PostGIS Trajectory: Space plus Time
A few months ago I started experimenting with a few project ideas involving data over space and time. Naturally, I want to use Postgres and PostGIS as the main workhorse for these projects, the challenge was working out exactly how to pull it all together. After a couple false starts I had to put those projects aside for other priorities. In my free time I have continued working through some related reading on the topic. I found why you should be using PostGIS trajectories by Anita Graser and recommend reading that before continuing with this post. In fact, read Evaluating Spatio-temporal Data Models for Trajectories in PostGIS Databases while you're at it! There is great information in those resources with more links to other resources.
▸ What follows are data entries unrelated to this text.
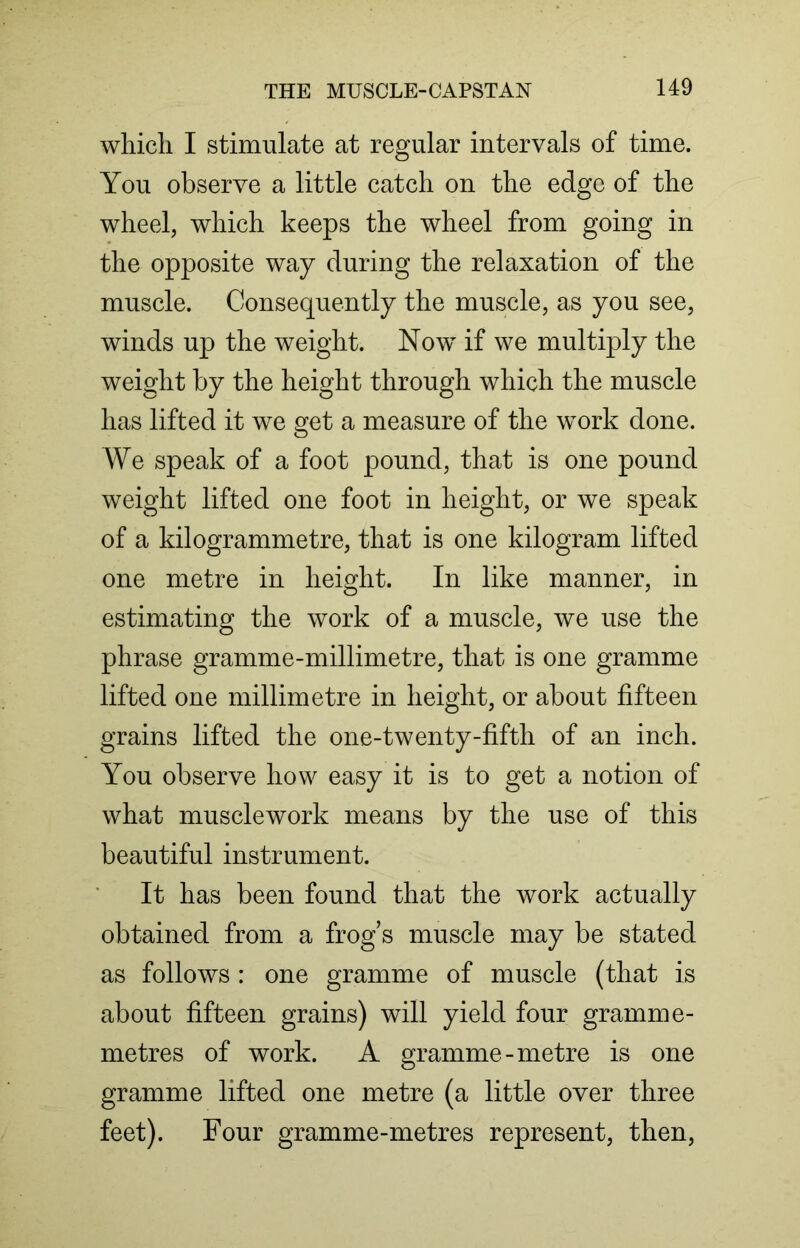 which I stimulate at regular intervals of time. You observe a little catch on the edge of the wheel, which keeps the wheel from going in the opposite way during the relaxation of the muscle. Consequently the muscle, as you see, winds up the weight. Now if we multiply the weight by the height through which the muscle has lifted it we get a measure of the work done. We speak of a foot pound, that is one pound weight lifted one foot in height, or we speak of a kilogrammetre, that is one kilogram lifted one metre in height. In like manner, in estimating the work of a muscle, we use the phrase gramme-millimetre, that is one gramme lifted one millimetre in height, or about fifteen grains lifted the one-twenty-fifth of an inch. You observe how easy it is to get a notion of what musclework means by the use of this beautiful instrument. It has been found that the work actually obtained from a frog s muscle may be stated as follows : one gramme of muscle (that is about fifteen grains) will yield four gramme- metres of work. A gramme-metre is one gramme lifted one metre (a little over three feet). Four gramme-metres represent, then,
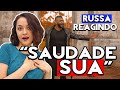 REAÇÃO | Gusttavo Lima  - SAUDADE SUA | Gringa reage | GRINGA RUSSA REAGINDO react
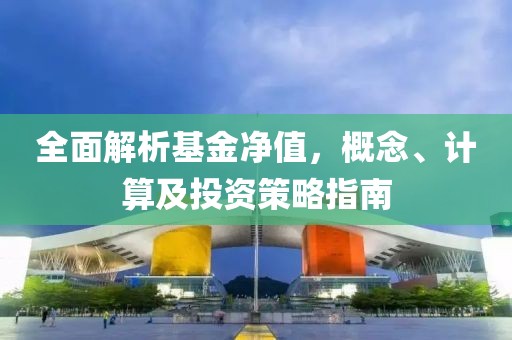 全面解析基金凈值，概念、計算及投資策略指南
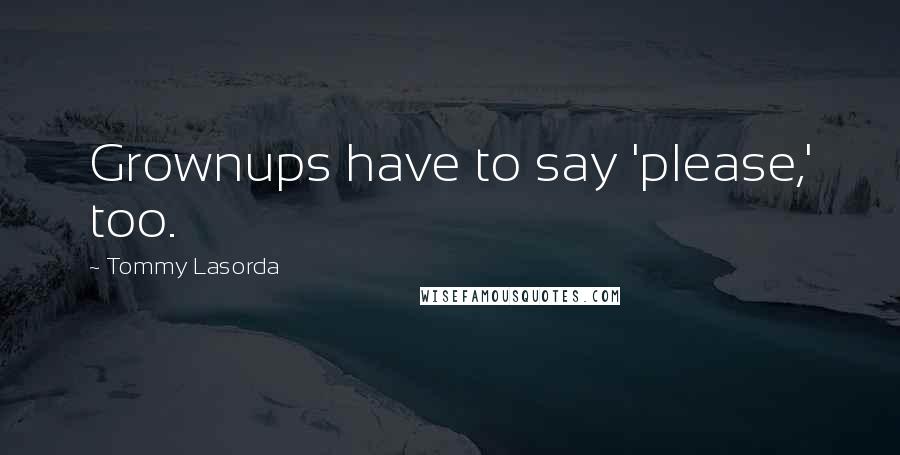 Tommy Lasorda Quotes: Grownups have to say 'please,' too.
This post outlines examples of how to use these new PostGIS trajectory tricks with
OpenStreetMap data I already have available
(load
and
prepare
).
Often, trajectory examples assume using data collected from our
new age of IoT sensors sending GPS points and timestamps. This example approaches
trajectories from a data modeling perpective instead, showing how to synthesize trajectory data using pgrouting
.
Visualization of data is a critical component of sharing information,
QGIS
has long been my favorite GIS application to use with PostGIS data.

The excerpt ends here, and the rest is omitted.